La protesta è cessata mercoledì, la normalità è solo di due giorni fa. «Perché vi siete fermati? Se resistevate due giorni in più si bloccava tutta la città». A porre le domande è un uomo sulla quarantina, barba lunga e nera e due bambine al seguito. Approfitta del semaforo rosso e interroga un ambulante appoggiato a un camion di frutta. È Mario, il bananaio dell’angolo di Porta Palazzo: «Ci siamo fermati perché i camionisti ci hanno mollati.
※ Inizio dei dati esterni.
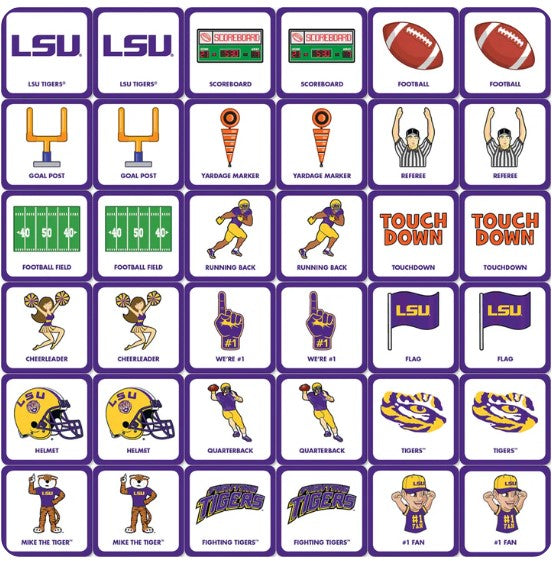 the different cards you can match in the LSU matching game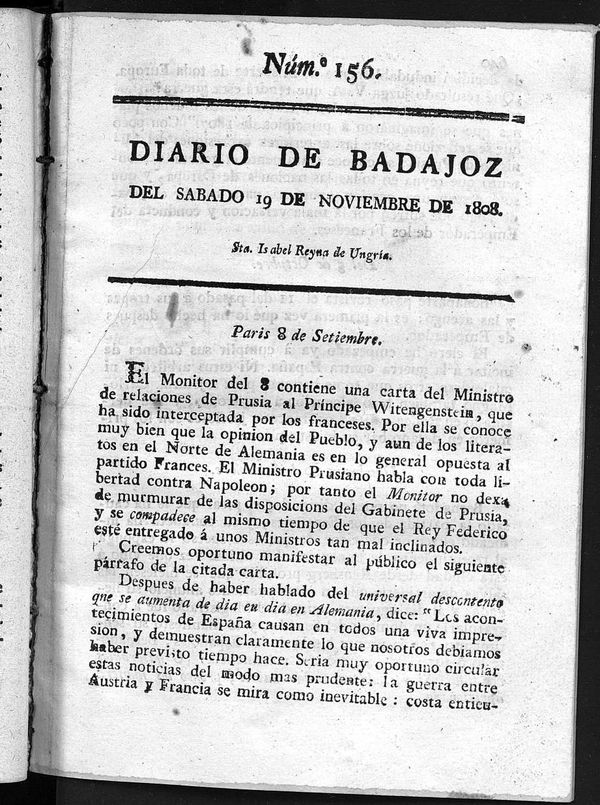 Diario de Badajoz del sábado 19 de noviembre de 1808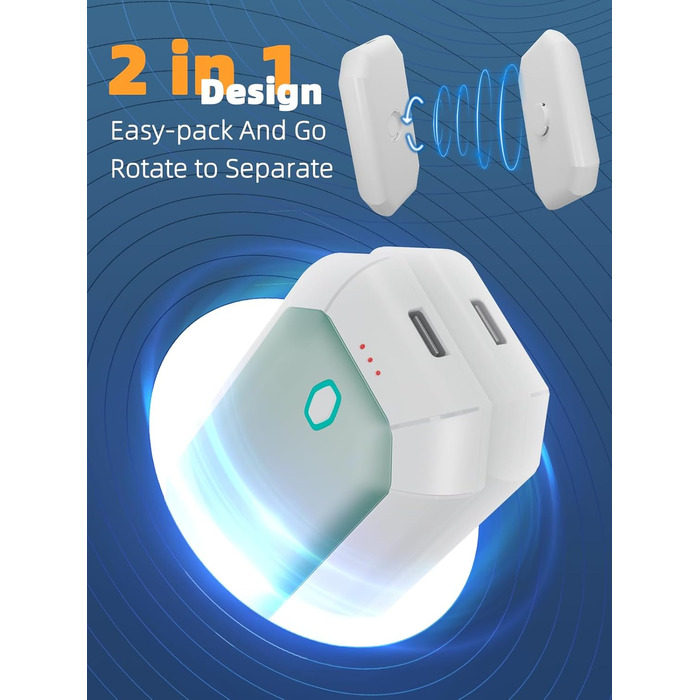 Електричний грілка для рук ITSHINY, набір 2 шт., 3 режими нагріву, USB-зарядка, для чоловіків, кемпінгу та полювання (синій)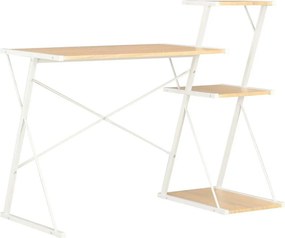 vidaXL fehér és tölgyszínű íróasztal polccal 116 x 50 x 93 cm
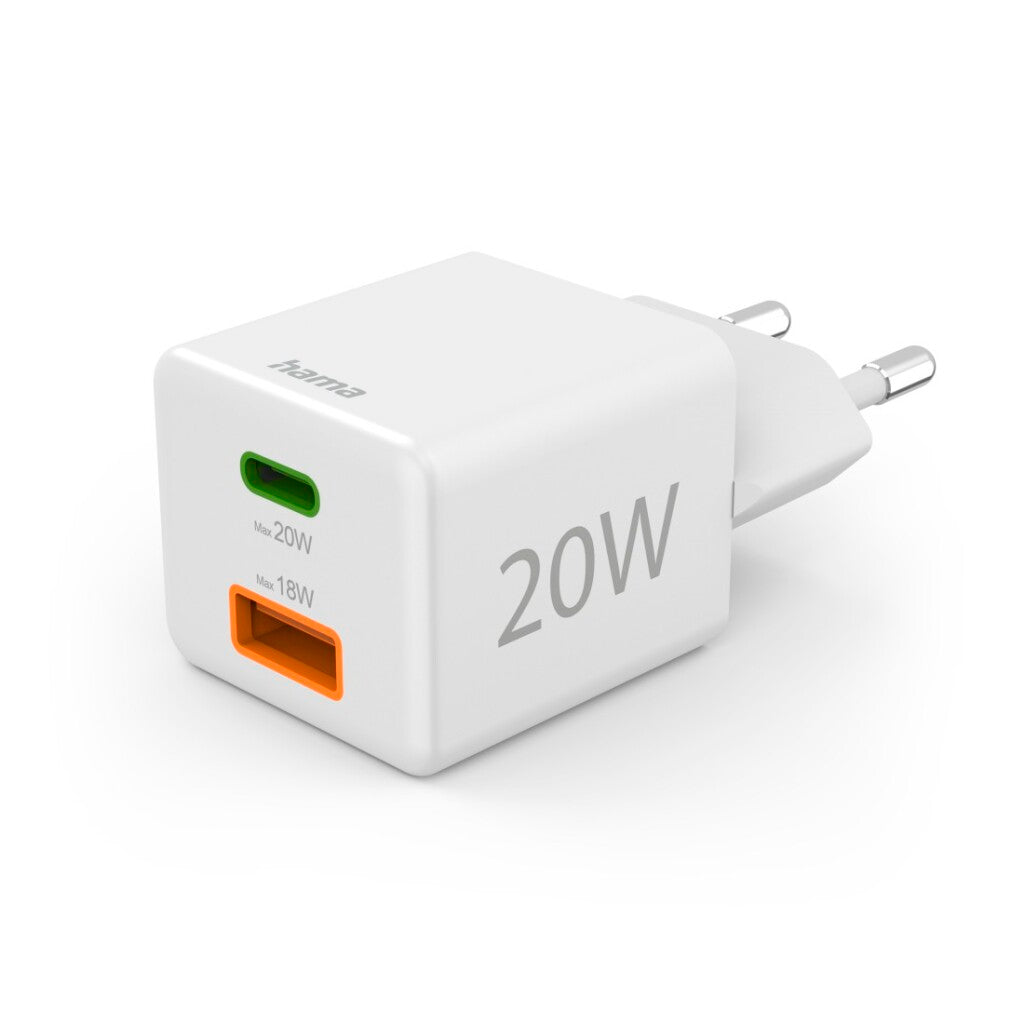 Hama Snellader 1X Usb-C Pd 1X Usb-A Qc Mini-Oplader 20 W Wit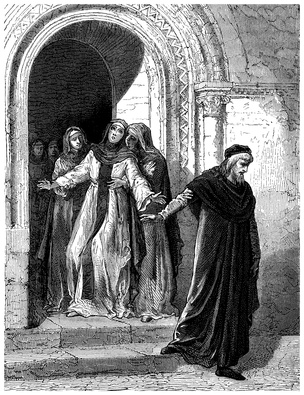 Abelard leaving Helose - 12th century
Dovevano bloccare i rifornimenti dei mercati generali e invece mercoledì hanno forzato i blocchi e hanno ripreso a lavorare». «È un vero peccato — recrimina l’uomo con la barba — gli scioperi degli operai erano più tosti e duravano più a lungo ». Scusi, perché avrebbe voluto che la protesta durasse di più? «Non rispondo alle domande dei giornalisti », dice l’uomo con la barba allontanandosi”.